===== Entries provided

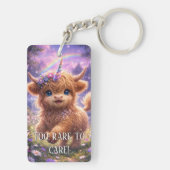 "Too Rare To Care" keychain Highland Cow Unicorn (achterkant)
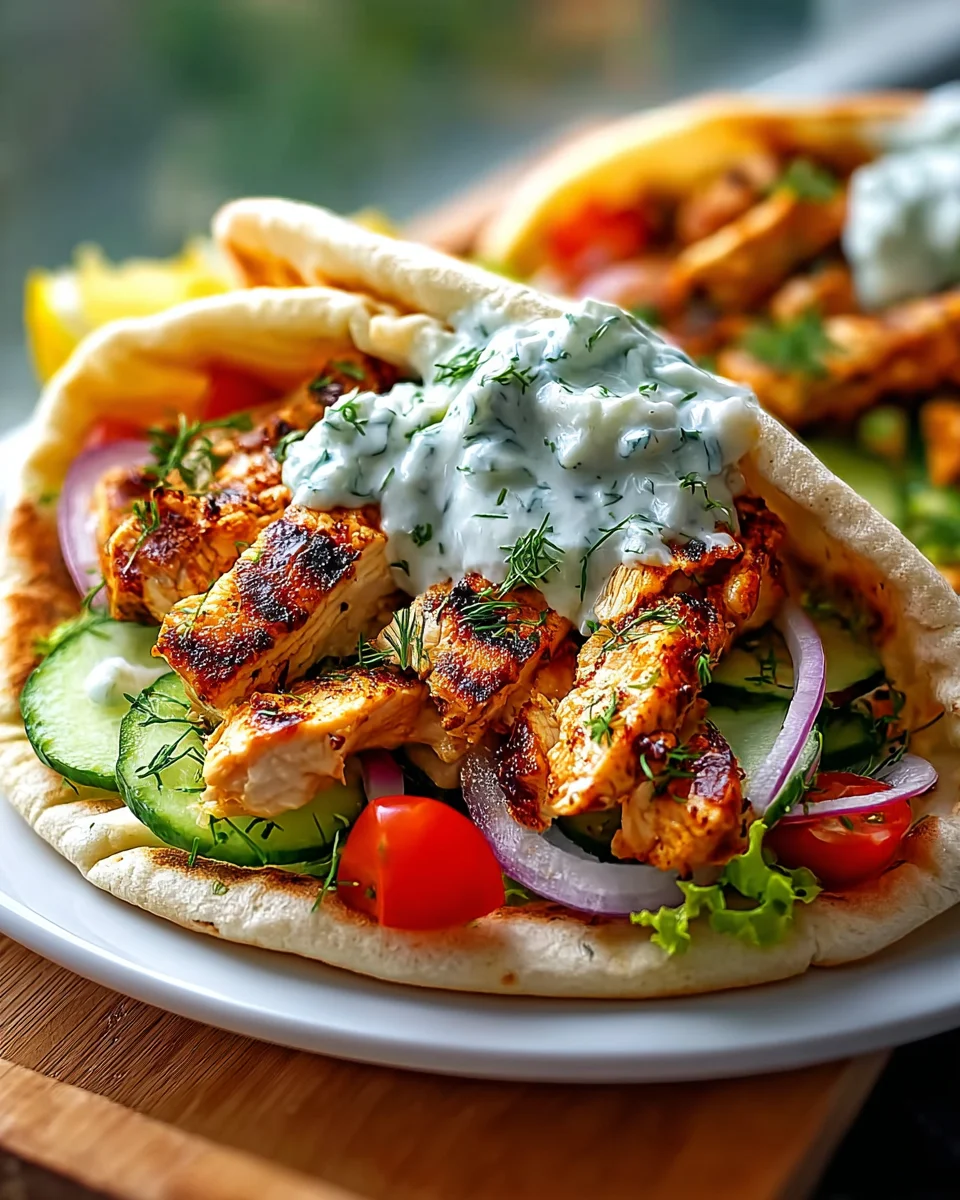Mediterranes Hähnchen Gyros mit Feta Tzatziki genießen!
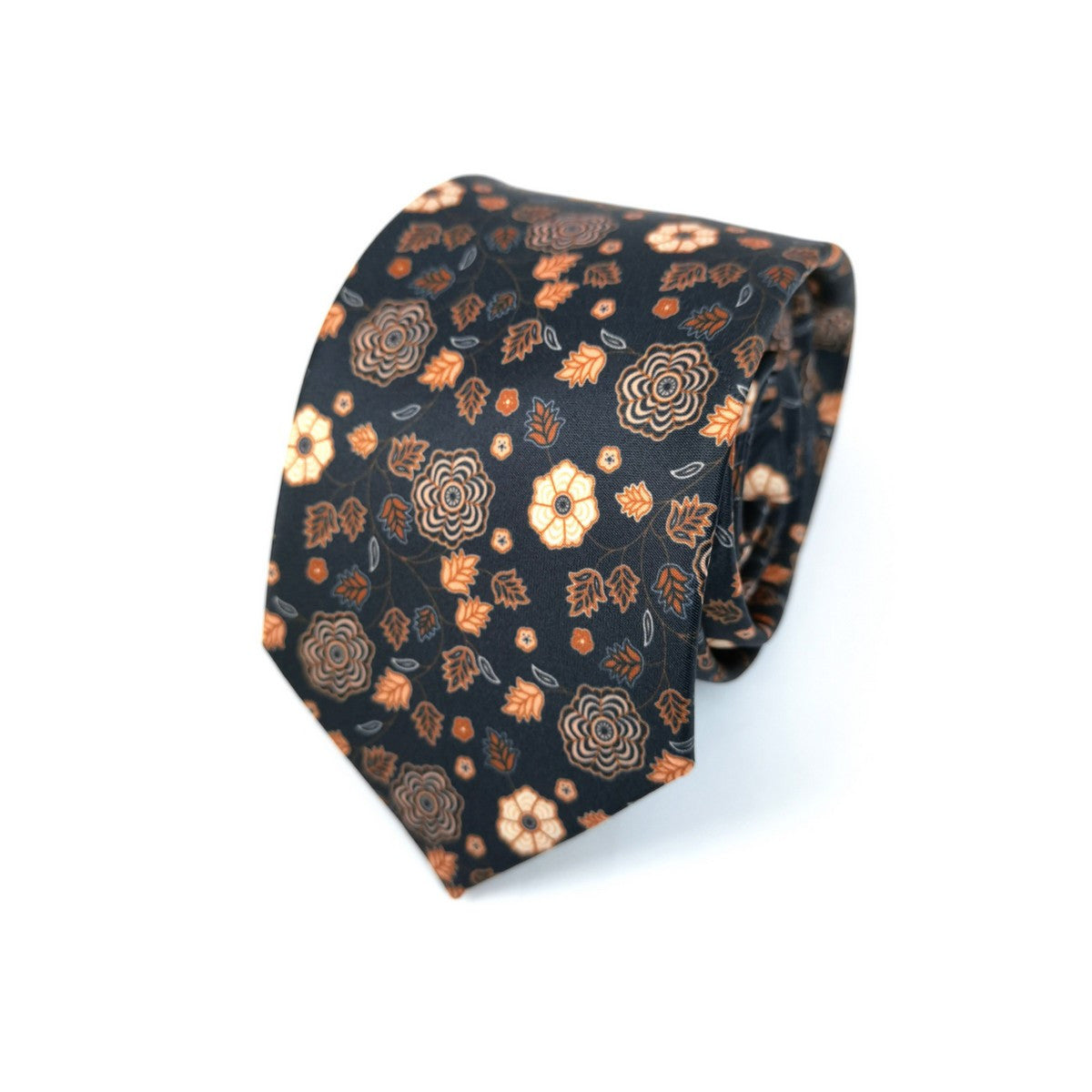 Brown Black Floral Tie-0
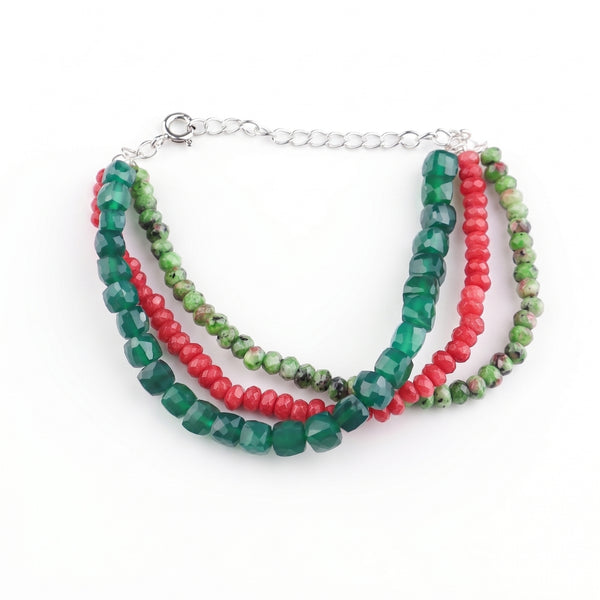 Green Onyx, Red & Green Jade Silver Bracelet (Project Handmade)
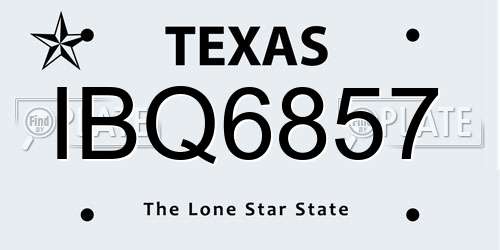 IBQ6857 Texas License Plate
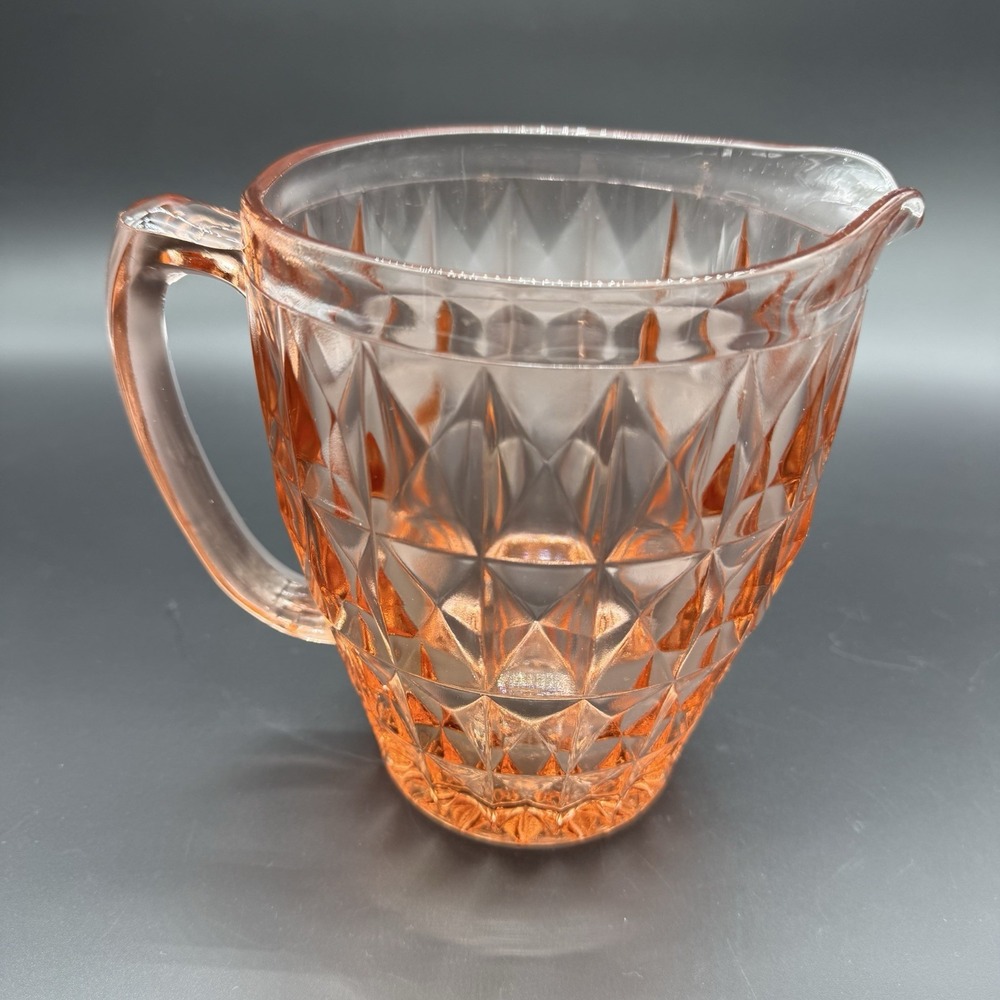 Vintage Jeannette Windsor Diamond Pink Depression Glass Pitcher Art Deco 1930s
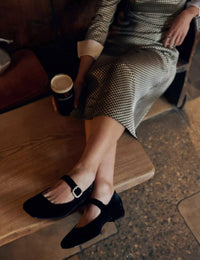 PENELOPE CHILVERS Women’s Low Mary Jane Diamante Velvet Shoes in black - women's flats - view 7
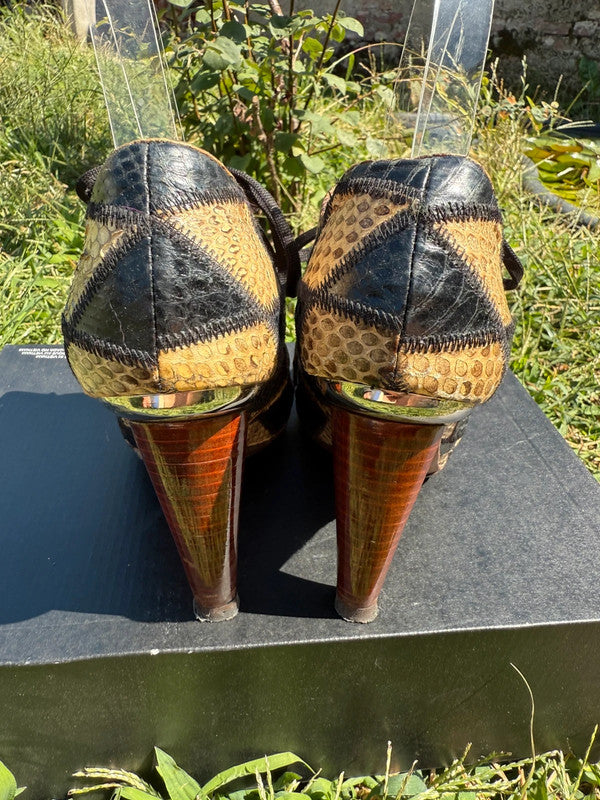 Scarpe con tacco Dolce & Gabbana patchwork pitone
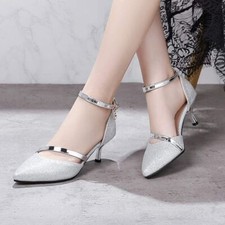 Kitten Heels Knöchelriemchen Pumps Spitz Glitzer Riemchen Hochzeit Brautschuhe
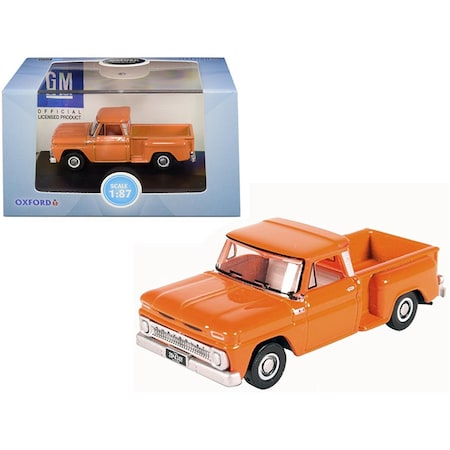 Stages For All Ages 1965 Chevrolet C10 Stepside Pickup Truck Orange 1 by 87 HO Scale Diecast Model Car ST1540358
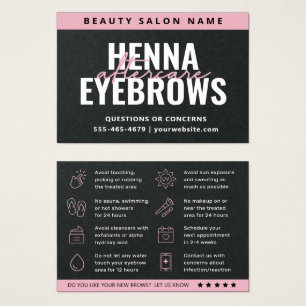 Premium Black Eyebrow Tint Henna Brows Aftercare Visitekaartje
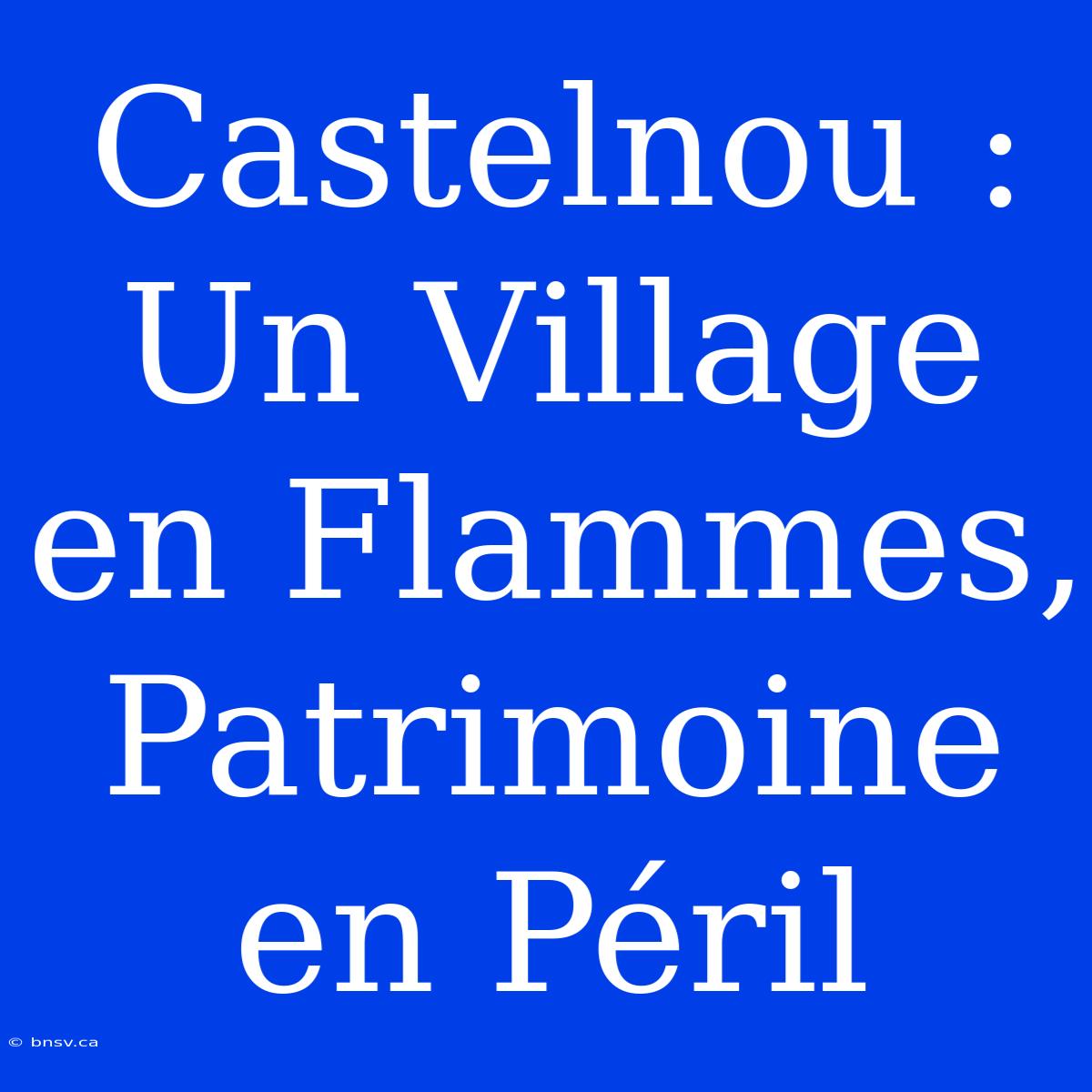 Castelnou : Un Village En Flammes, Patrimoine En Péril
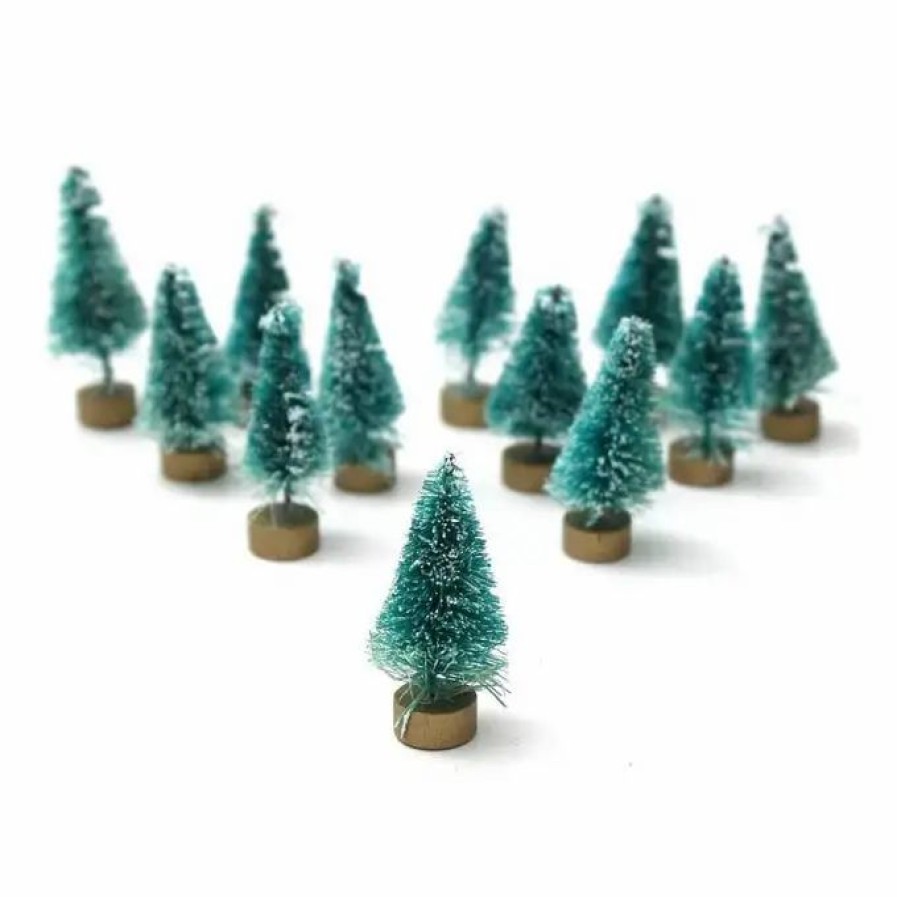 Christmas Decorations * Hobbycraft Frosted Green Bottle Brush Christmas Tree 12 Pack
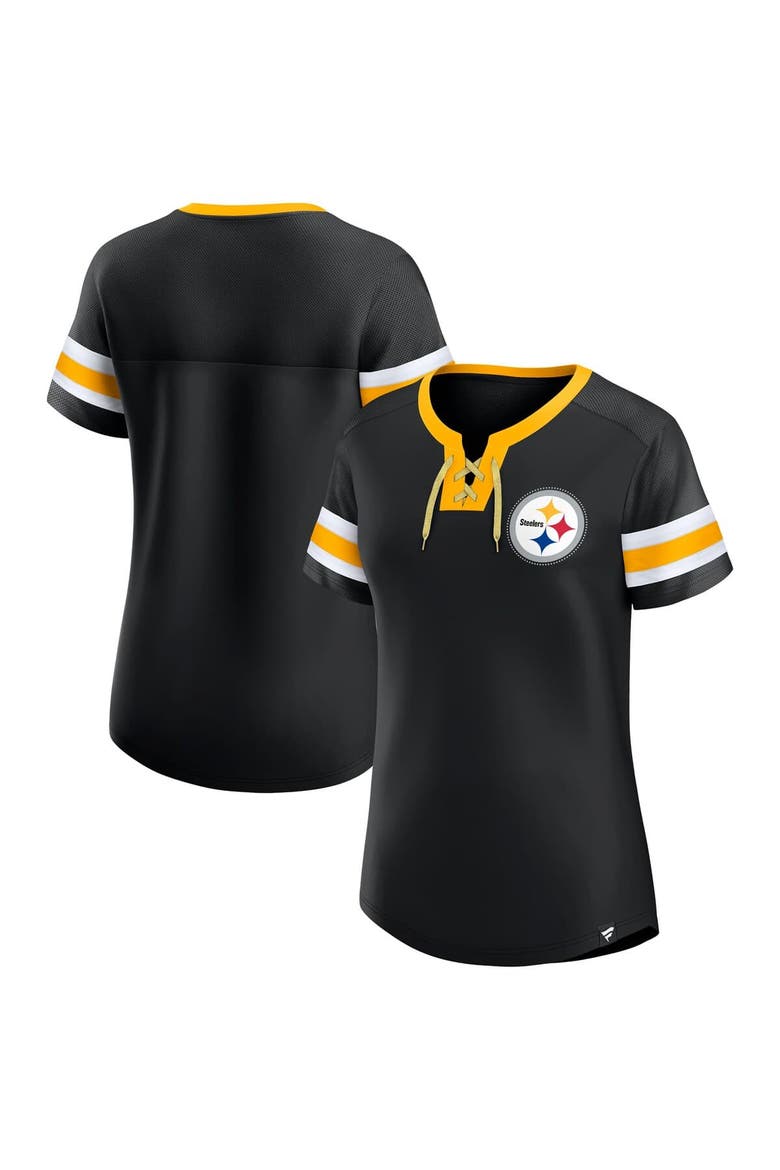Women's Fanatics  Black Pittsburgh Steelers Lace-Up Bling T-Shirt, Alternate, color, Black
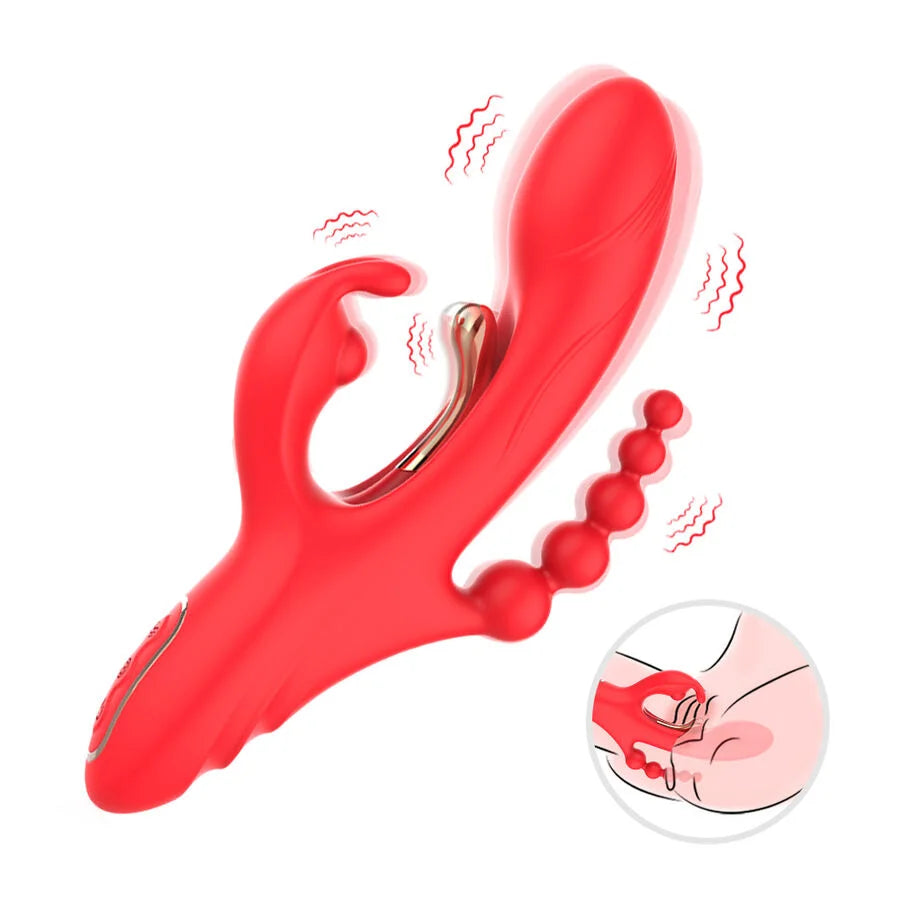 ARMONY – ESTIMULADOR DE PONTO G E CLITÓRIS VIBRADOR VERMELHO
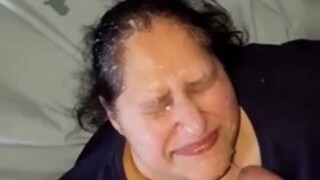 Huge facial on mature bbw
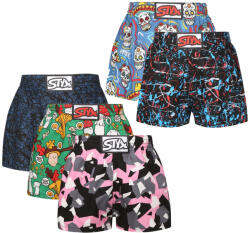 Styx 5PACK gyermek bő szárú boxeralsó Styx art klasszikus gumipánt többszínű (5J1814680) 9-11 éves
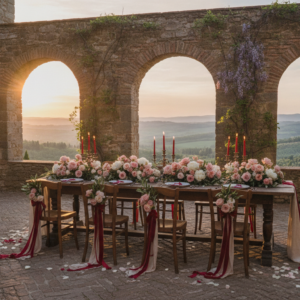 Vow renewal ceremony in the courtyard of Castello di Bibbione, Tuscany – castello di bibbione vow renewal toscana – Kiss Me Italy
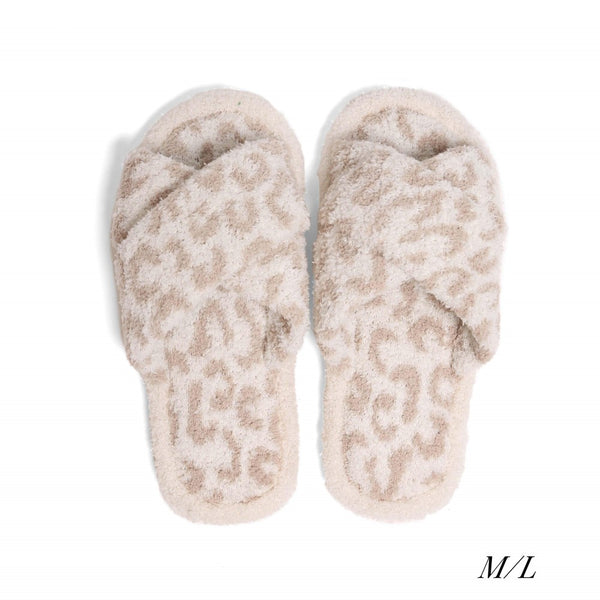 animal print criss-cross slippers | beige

==========

● **Activity**: Each line from the start of the entries through the line with "Castelnou : Un" is to be restated exactly, and the pictures are to be skipped.

● **Completed exercise**:
 "Too Rare To Care" keychain Highland Cow Unicorn (achterkant)
Mediterranes Hähnchen Gyros mit Feta Tzatziki genießen!
 Brown Black Floral Tie-0
 Green Onyx, Red & Green Jade Silver Bracelet (Project Handmade)
 IBQ6857 Texas License Plate
 Vintage Jeannette Windsor Diamond Pink Depression Glass Pitcher Art Deco 1930s
 PENELOPE CHILVERS Women’s Low Mary Jane Diamante Velvet Shoes in black - women's flats - view 7
 Scarpe con tacco Dolce & Gabbana patchwork pitone
 Kitten Heels Knöchelriemchen Pumps Spitz Glitzer Riemchen Hochzeit Brautschuhe
 Stages For All Ages 1965 Chevrolet C10 Stepside Pickup Truck Orange 1 by 87 HO Scale Diecast Model Car ST1540358
 Premium Black Eyebrow Tint Henna Brows Aftercare Visitekaartje
 Castelnou : Un Village En Flammes, Patrimoine En Péril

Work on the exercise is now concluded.